- TASK
The reply should hold only the lines from the one with "-丽丽水煮(顺外路店)" to the one with "Japanese Brand Costare/z-stage", both ends kept, exactly as they appear below, without any pictures.

- RECORD EXTRACTS
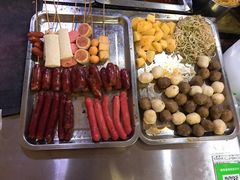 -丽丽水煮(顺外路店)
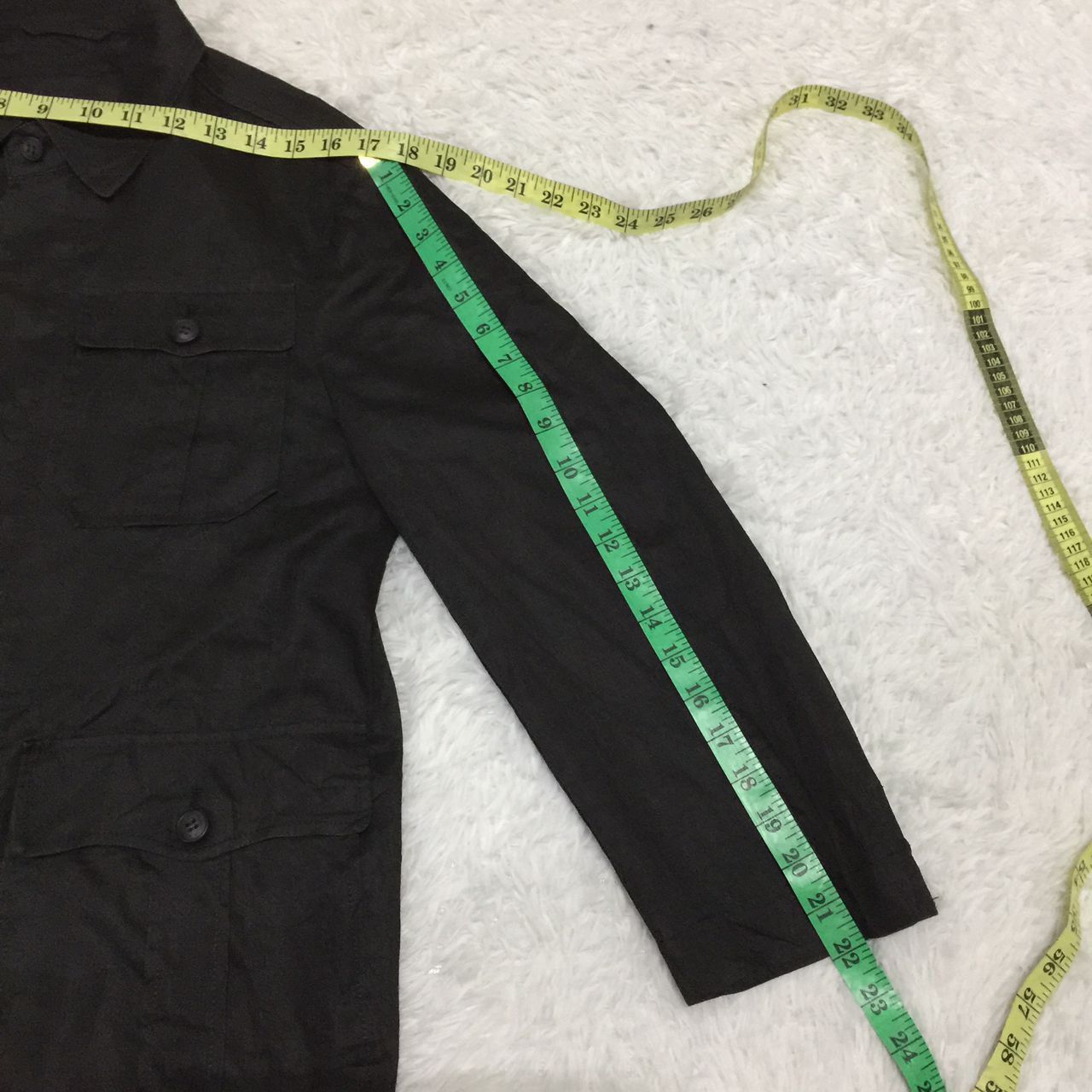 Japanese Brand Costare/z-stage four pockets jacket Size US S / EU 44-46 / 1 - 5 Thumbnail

--

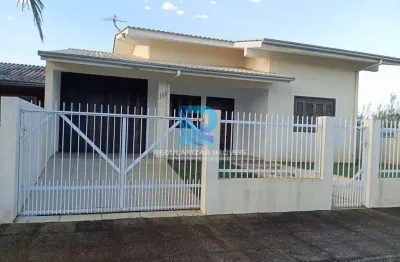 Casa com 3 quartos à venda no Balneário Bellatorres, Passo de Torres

- ANSWER TO THIS TASK
 -丽丽水煮(顺外路店)
 Japanese Brand Costare/z-stage four pockets jacket Size US S / EU 44-46 / 1 - 5 Thumbnail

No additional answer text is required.